Task
When you reach the line with "Fast food order" in the records below, begin transcribing exactly and continue up to and including the line with "Conte illustré de", leaving out every picture.

Stored items from a collection:

————

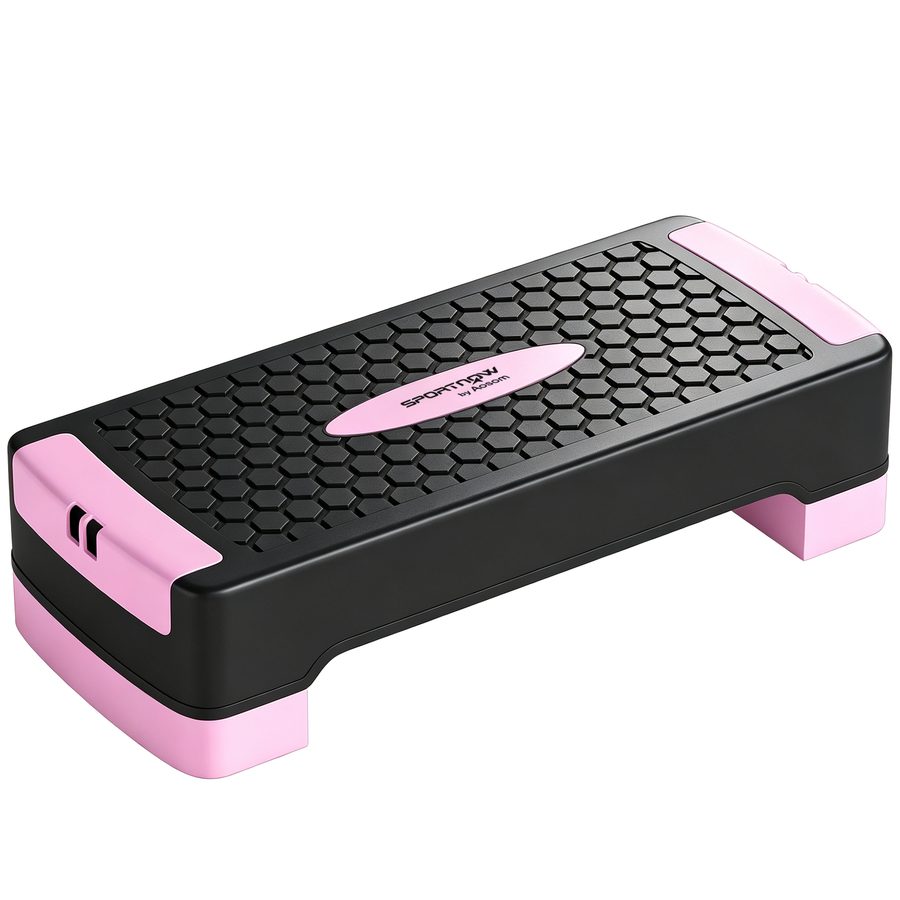 SPORTNOW Steppbrett höhenverstellbar Fitness Aerobic Stepper mit 2 Stufen (11/16 cm) 2 Widerstandsbändern, Anti-Rutsch-Matte, Rutschfest Step Bench für Zuhause Fitnessstudio Büro Rosa   Aosom von SPORTNOW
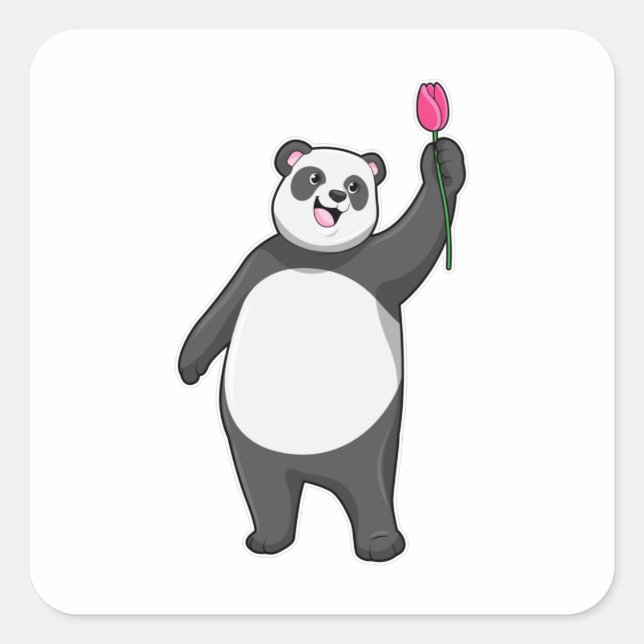 Pegatina Cuadrada Panda with Tulip (Anverso)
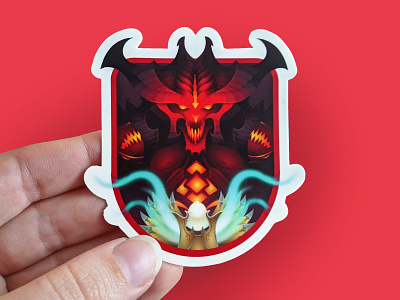 Angels and Demons angel badge character demon devil diablo etsy illustration sticker vector video game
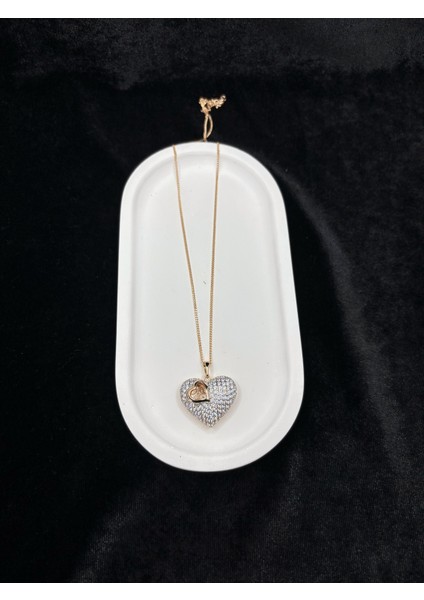 Xupıng Jewelry Zirkon Taşlı Çift Kalp Figürlü Altın Kaplama Kolye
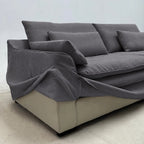 Custom Sofa Slipcover — Elara Flax · Graphite Shadow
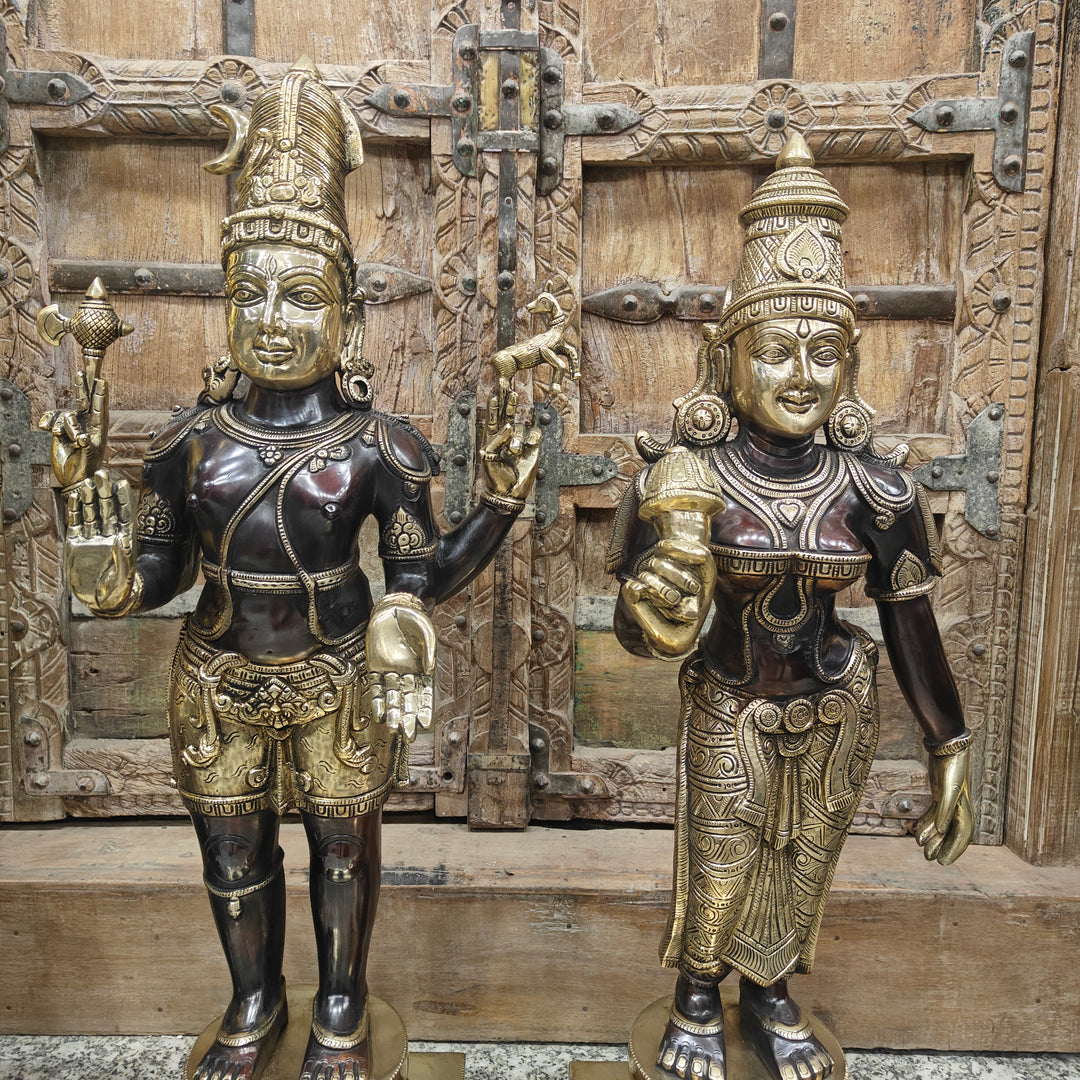Brass Antique Shiva Parvati Idol Set in Chola Style 2.5 Feet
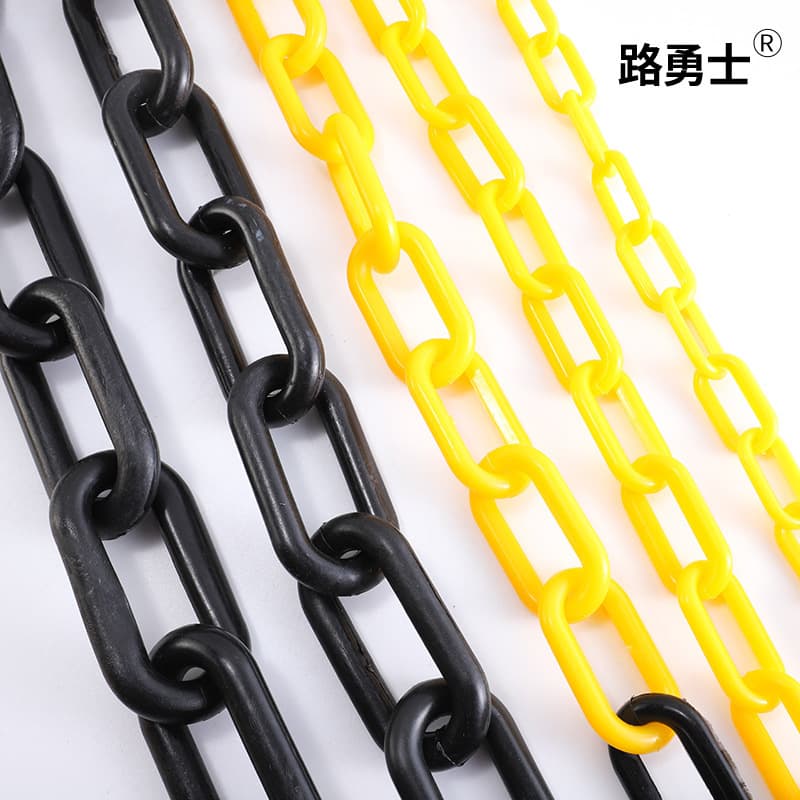 Red and white solid plastic warning chains, festival prop chains, safety barrier chains for road cones, parking protection chains, customizable.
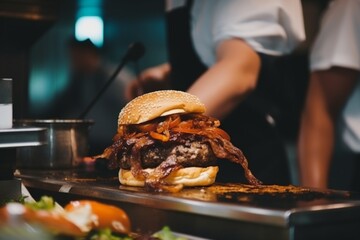 Fast food order preparation chef burgers cooking meat steak meal restaurant indoor service...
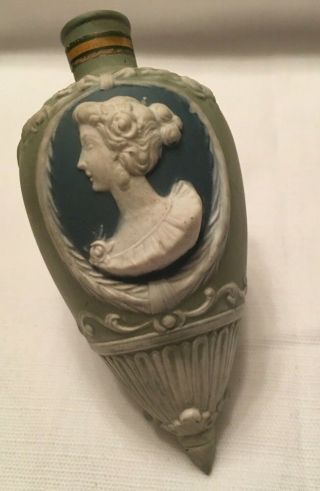 Antique Vintage English Jasperware Perfume Green Wedgewood - Blue White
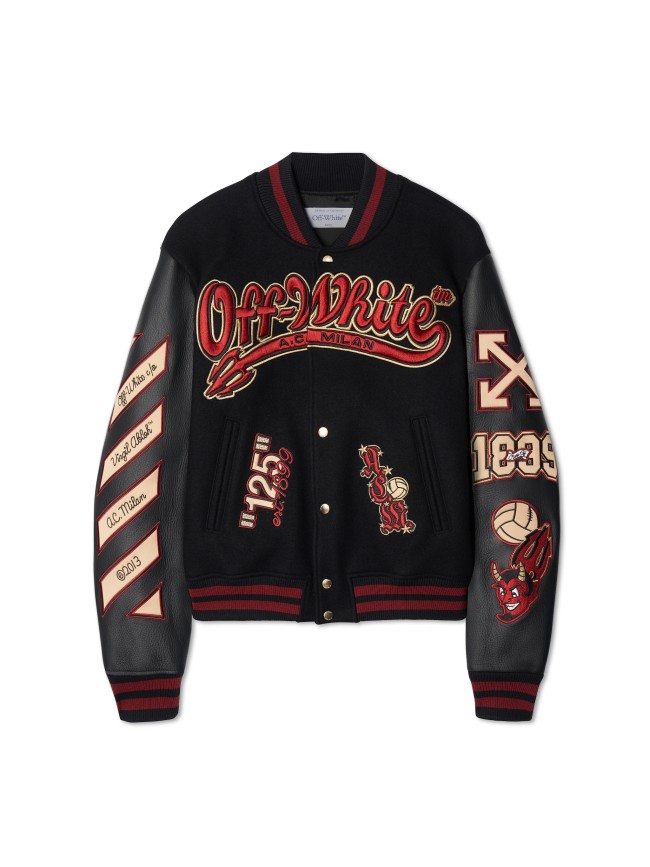 S019* 2024 AC Milan co-branded heavy embroidery + hot drilling and beading, leather embroidery heavy craftsmanship jacket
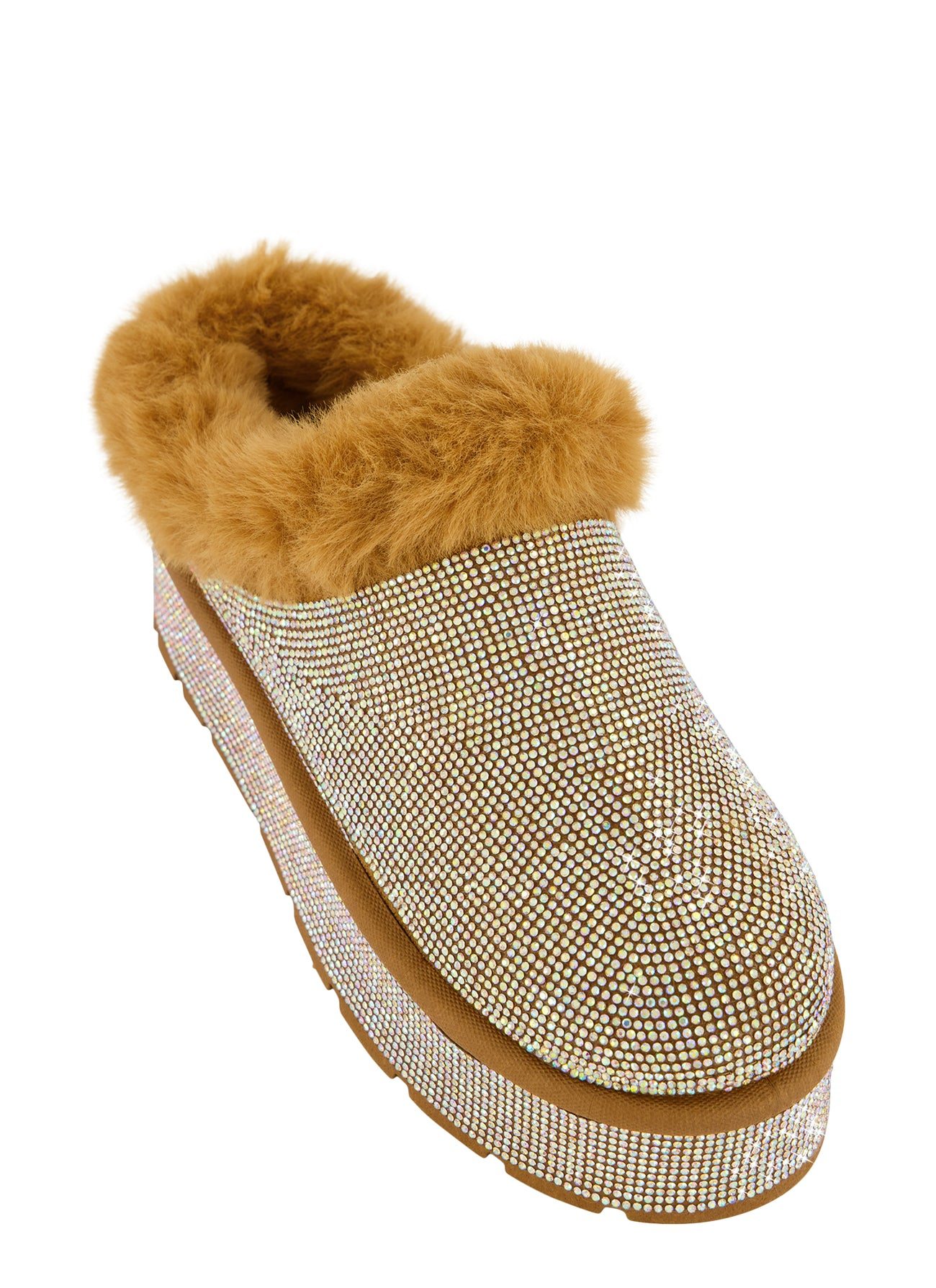 Faux Fur Rhinestone Platform Clogs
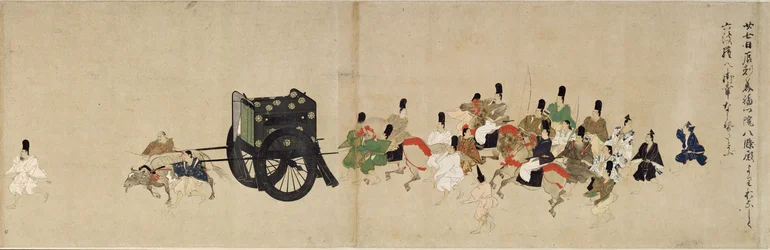 Conte illustré de la guerre civile de Heiji La visite impériale à Rokuhara 5 rouleau, 13e siècle
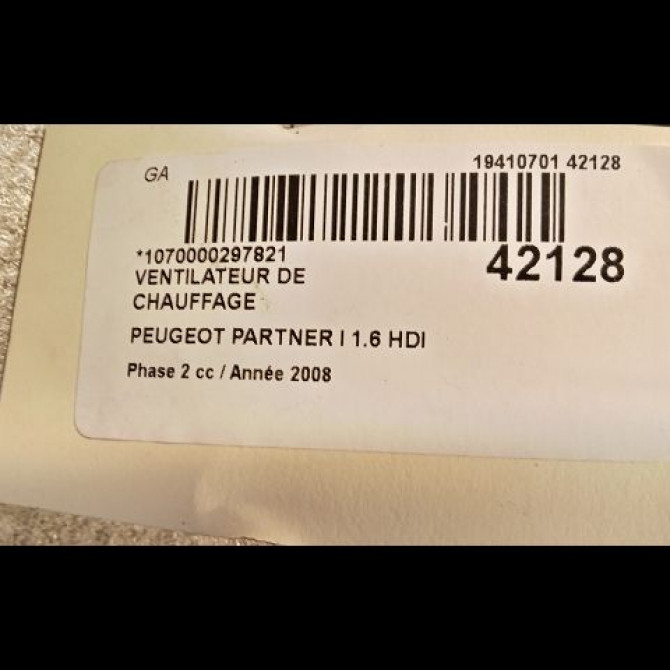 Ventilateur de chauffage occasion PEUGEOT PARTNER I Phase 2 11-2002->05-2008 1.6 HDI 90ch 3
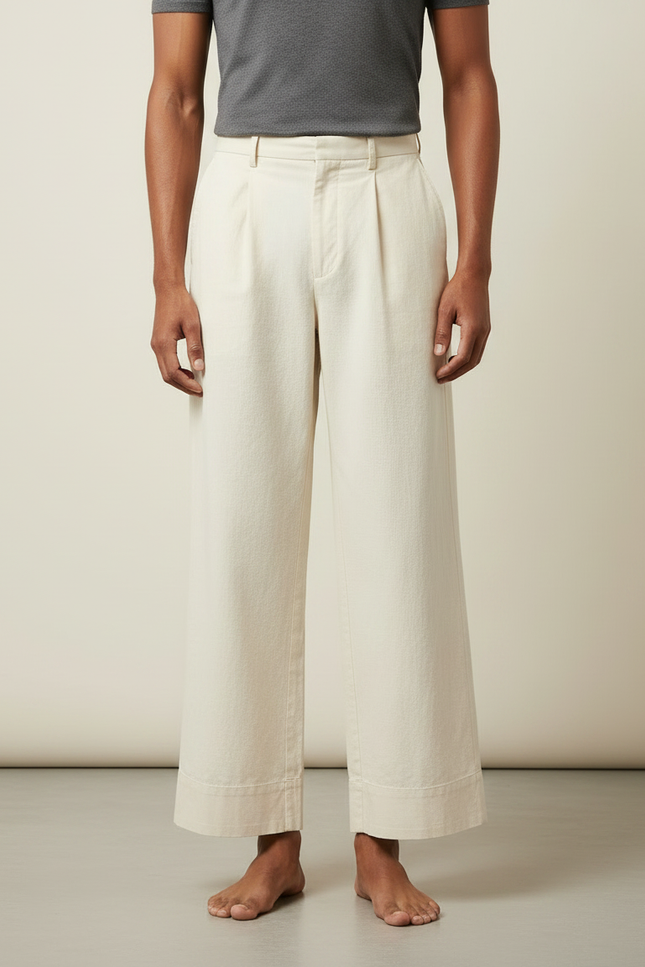 Pantalon Fluide Écru Ample Plissé Décontracté Léger - Beige Toile - vue 3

————

Written answer
 Fast food order preparation chef burgers cooking meat steak meal restaurant indoor service...
 Antique Vintage English Jasperware Perfume Green Wedgewood - Blue White
 S019* 2024 AC Milan co-branded heavy embroidery + hot drilling and beading, leather embroidery heavy craftsmanship jacket
 Faux Fur Rhinestone Platform Clogs
 Conte illustré de la guerre civile de Heiji La visite impériale à Rokuhara 5 rouleau, 13e siècle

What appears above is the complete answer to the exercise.